Background: Several randomized controlled trials and observational studies have compared outcomes for coronary artery bypass graft (CABG) surgery and drug-eluting stents (DES), but these studies have not thoroughly investigated the relative difference in outcomes by sex. We aimed to compare 3-year outcomes (mortality, mortality/myocardial infarction/stroke, and repeat revascularization) for CABG surgery and percutaneous coronary interventions with DES by sex.
Methods: A total of 4,532 women (2,266 pairs of CABG and DES patients) and 11,768 men (5,884 pairs) were propensity matched separately using multiple patient risk factors and were compared with respect to 3-year outcomes.

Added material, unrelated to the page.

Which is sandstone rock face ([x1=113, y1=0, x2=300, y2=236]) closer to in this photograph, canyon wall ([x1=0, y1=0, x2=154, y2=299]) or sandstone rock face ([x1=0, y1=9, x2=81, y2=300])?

Results: Both women and men receiving DES had significantly higher mortality rates (adjusted hazard ratio, 1.28; 95% confidence interval, 1.06 to 1.54 and adjusted hazard ratio, 1.22; 95% confidence interval, 1.06 to 1.41, respectively) and myocardial infarction/mortality/stroke rates (adjusted hazard ratio, 1.40; 95% confidence interval, 1.19 to 1.64 and adjusted hazard ratio, 1.36; 95% confidence interval, 1.20 to 1.54, respectively) with DES. The advantage for CABG surgery was also present for several preselected patient subgroups. Men had consistently lower adverse outcome rates than women for both procedures. For example, the mortality rates for CABG and DES for men were 8.0% and 9.1%, compared with respective rates of 11.8% and 13.7% for women.
Conclusions: For women, the advantage of CABG surgery over DES is very similar to what was found for men, and this advantage persisted for patients with and without high-risk characteristics.